> **Task description**: For the data below, the lines that hold "furniture" should be counted; only the resulting number is expected.

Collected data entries
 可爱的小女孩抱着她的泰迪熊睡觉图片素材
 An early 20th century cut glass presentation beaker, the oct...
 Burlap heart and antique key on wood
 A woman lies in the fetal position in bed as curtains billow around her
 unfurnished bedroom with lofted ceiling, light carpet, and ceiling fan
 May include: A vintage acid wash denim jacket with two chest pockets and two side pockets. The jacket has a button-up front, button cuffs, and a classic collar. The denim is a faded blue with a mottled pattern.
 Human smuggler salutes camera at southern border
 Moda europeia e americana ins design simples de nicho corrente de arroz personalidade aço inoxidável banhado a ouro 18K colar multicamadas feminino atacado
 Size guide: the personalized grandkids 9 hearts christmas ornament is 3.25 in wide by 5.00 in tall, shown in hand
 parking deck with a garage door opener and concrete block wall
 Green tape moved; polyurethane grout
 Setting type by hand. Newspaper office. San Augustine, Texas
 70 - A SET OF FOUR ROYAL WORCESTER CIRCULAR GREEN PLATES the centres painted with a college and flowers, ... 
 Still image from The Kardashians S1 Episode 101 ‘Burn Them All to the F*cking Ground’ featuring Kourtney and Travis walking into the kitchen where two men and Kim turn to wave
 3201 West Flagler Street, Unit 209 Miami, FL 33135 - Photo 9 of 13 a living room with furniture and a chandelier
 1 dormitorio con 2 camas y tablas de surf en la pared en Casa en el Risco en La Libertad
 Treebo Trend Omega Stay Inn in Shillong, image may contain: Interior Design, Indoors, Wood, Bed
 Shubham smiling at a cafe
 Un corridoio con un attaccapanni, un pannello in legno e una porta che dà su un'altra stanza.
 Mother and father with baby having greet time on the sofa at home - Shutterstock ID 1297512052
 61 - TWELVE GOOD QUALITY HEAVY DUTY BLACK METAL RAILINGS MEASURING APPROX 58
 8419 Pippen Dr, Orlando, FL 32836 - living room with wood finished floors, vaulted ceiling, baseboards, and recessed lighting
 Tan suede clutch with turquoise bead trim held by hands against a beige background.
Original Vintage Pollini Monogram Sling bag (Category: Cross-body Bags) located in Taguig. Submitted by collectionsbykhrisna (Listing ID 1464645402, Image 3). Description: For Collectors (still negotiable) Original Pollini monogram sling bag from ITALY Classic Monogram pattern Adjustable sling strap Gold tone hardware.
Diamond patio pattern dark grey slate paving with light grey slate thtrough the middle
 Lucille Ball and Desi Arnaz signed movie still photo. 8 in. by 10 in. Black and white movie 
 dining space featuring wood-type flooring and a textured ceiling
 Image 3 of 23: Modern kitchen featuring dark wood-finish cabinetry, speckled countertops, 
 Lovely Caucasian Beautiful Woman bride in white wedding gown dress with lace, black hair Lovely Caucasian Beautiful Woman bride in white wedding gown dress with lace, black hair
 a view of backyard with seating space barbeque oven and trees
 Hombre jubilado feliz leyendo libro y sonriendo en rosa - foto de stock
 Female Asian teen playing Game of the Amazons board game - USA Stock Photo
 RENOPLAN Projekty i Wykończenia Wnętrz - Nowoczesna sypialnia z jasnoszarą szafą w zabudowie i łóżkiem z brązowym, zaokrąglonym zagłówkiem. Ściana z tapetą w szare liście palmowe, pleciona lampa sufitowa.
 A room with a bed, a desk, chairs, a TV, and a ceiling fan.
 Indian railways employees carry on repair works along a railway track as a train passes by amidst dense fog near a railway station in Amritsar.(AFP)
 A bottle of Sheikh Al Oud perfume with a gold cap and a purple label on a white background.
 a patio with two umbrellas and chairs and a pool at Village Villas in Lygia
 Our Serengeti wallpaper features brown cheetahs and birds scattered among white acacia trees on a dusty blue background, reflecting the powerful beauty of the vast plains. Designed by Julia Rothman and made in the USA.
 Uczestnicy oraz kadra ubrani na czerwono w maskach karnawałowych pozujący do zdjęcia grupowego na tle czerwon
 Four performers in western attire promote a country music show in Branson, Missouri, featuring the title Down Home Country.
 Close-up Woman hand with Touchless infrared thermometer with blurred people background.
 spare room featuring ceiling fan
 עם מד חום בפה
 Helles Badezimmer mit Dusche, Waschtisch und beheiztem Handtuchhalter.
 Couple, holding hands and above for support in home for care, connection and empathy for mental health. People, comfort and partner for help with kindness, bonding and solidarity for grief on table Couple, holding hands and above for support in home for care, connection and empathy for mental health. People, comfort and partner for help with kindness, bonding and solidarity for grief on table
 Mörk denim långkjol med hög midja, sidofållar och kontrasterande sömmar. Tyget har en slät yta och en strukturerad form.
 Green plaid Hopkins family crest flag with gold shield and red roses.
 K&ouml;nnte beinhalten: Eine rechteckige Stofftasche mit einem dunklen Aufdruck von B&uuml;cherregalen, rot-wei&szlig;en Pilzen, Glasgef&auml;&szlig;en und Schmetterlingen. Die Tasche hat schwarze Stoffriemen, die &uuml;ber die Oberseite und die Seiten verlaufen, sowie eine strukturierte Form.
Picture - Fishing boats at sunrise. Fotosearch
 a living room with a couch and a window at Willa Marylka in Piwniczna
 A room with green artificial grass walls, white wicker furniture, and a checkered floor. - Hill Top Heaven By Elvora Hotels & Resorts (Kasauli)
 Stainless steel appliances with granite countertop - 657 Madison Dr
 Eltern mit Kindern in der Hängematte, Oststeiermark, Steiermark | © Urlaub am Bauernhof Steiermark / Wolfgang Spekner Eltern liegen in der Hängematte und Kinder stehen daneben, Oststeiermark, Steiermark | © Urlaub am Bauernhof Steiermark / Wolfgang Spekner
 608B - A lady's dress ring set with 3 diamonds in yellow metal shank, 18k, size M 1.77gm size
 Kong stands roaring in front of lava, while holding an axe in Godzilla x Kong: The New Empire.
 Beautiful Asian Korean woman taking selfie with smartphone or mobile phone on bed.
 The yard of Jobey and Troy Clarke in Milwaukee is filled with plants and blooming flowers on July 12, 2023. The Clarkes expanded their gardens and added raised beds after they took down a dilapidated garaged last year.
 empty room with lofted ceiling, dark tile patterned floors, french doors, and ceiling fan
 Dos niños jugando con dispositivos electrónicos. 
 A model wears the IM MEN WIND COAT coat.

> **Task solution**: 2